A bill to prevent the tax-exempt financing of professional sports stadiums may not stand much of a chance on its own, but the bill might realistically be rolled into a wider tax package with much more serious implications for the municipal bond market.
“I see enough of these bills proposed on a standalone basis,” said Rich Moore, tax partner at Orrick, Herrington & Sutcliffe. “I always think the importance of seeing a bill on a standalone basis is that it is not so much that the bill will pass on a standalone basis. The much more likely reality is that it means it might be part and parcel of the next larger bill that passes.”
The No Tax Subsidies for Stadiums Act of 2022, introduced by Rep. Jackie Speier, D-Calif., Rep. Earl Blumenauer, D-Ore., and Rep. Don Breyer, D-Va., depending on how discussions land in the coming weeks, could be integrated into some of the provisions that were left behind in the Build Back Better bill.
“Technically, it's a tax title and we know what happened to all the tax titles in Build Back Better,” said Emily Brock, director of the federal liaison center at the Government Finance Officers Association.
If there is any kind of motivation to revive some of these previous Build Back Better Bill discussions in the coming months, it would likely become part of that, Brock said.
The issue of prohibiting the use of tax-exempt private activity bonds for the financing of sports stadiums has become a recurring hot-button issue in recent years. In 2014, Sen.
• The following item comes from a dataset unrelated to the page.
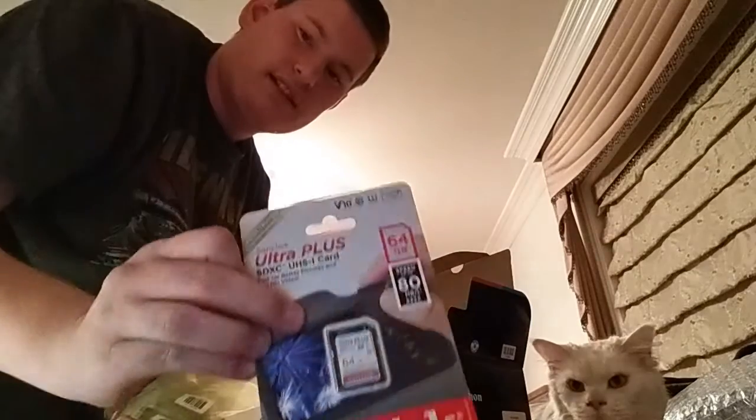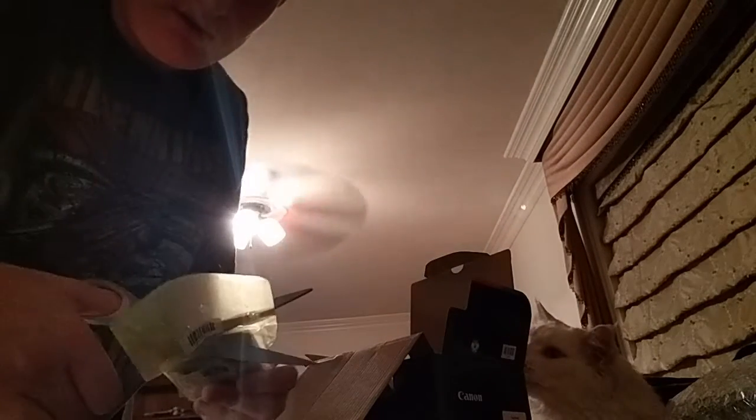Let's slide out some of this stuff. I'm gonna unbox the SD card. You insert the battery right here and plug it into a wall socket.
Tom Coburn, R-Okla. called for a ban on federal tax-exempt financing for sports stadiums and in his 2016 and 2017 fiscal budgets, President Obama proposed prohibiting tax-exempt bonds from being used for financing private sports facilities by eliminating the private payment test, to no avail.
The issue was revived again during negotiations for The Tax Cuts and Jobs Act, where its inclusion in the final Senate bill was cut, but the elimination of advance refunding was left in, leaving some muni market advocates bewildered.
“We were a little baffled,” Brock said. “One could probably presume there were NFL commissioners that were probably playing a role while the rest of us were lobbying for other things [like advance refunding].”
The bill is being viewed as more of a political move by its authors ahead of the November midterm election. They are also framing the issue within a social context, saying that the billionaire team owners don’t deserve tax exemptions.
“It doesn’t make economic sense, and it’s particularly galling given the league’s longstanding failure to address issues of sexual harassment and sexual assault as well as ongoing racial and gender discrimination and domestic violence,” Speier said in the announcement of the bill.
That appears to some as a direct plea to voters. “What does that have to do with tax exemption?” said Susannah Page, senior vice president and manager of research at Roosevelt & Cross. “They're populist, they are against the billionaires and they're trying to make a point,” she added. “Definitely political.”
Several sports franchises have financed projects in recent years through tax-exempt bonds. The Atlanta Falcons' $1.4 billion Mercedes-Benz Stadium was financed in part through $200 million of tax exempt bonds, half of the $1.2 billion used to finance the Dallas Cowboys' AT&T Stadium was done through tax-free bonds as well as half of the Minnesota Vikings $1 billion Vikings Stadium.
Of the 57 stadiums built since 2000, 43 of them were at least in part financed by tax-exempt municipal bonds, according to a March 2020 report by the National Tax Journal.
But stadium bonds make up a small portion of municipal bond issuances and if passed, the market will likely get around it with not much of an effect on issuances.
“Stadium bonds are a very minimal portion of the tax exempt bond market,” Moore said. “If Congress is worked up and bothered by this then it's putting a target on the municipal bond industry,” Moore said. “Maybe there are worse things to lose.”
But if the only way to finance sports stadiums were through taxable bonds, then the costs may be shifted to other participants in the market.
“If stadium projects are required to do taxable financing, that costs more,” said Dave Erdman, capital finance director for the State of Wisconsin. “Costs are going to be passed on either to taxpayers, or costs are going to be passed on to fans.”
“Those additional costs might cause the project scope to be changed and with a project scope changing, or a project not happening at all, you lose that opportunity to have other resulting development that comes with stadium projects,” Erdman said.
But those funds could also be directed in a different direction, should a municipality choose not to go ahead with a stadium project.
“There are short-term construction jobs that are created [with a stadium financing],” Page said. “If you build a hospital or affordable housing project, they would have created construction jobs, too, so it's not necessarily exclusive to the stadium.”
Like when advance refunding was eliminated as a taxable item as part of the Tax Cuts and Jobs Act, the market adapted and began to issue taxable advance refunding deals.
“I'm guessing they might even be more popular because it’s a different audience,” Page said. “You’ve got the taxable buyers, and crossover investors,” she said. “Stadium deals are a decent size and can be very big so that they might be of more interest to a wider audience.
"I think it would not be that much of an issue for us,” she added.
But whether this will become part of a larger bill or whether this will be part of a larger tax measure will be decided in upcoming discussions, Brock said.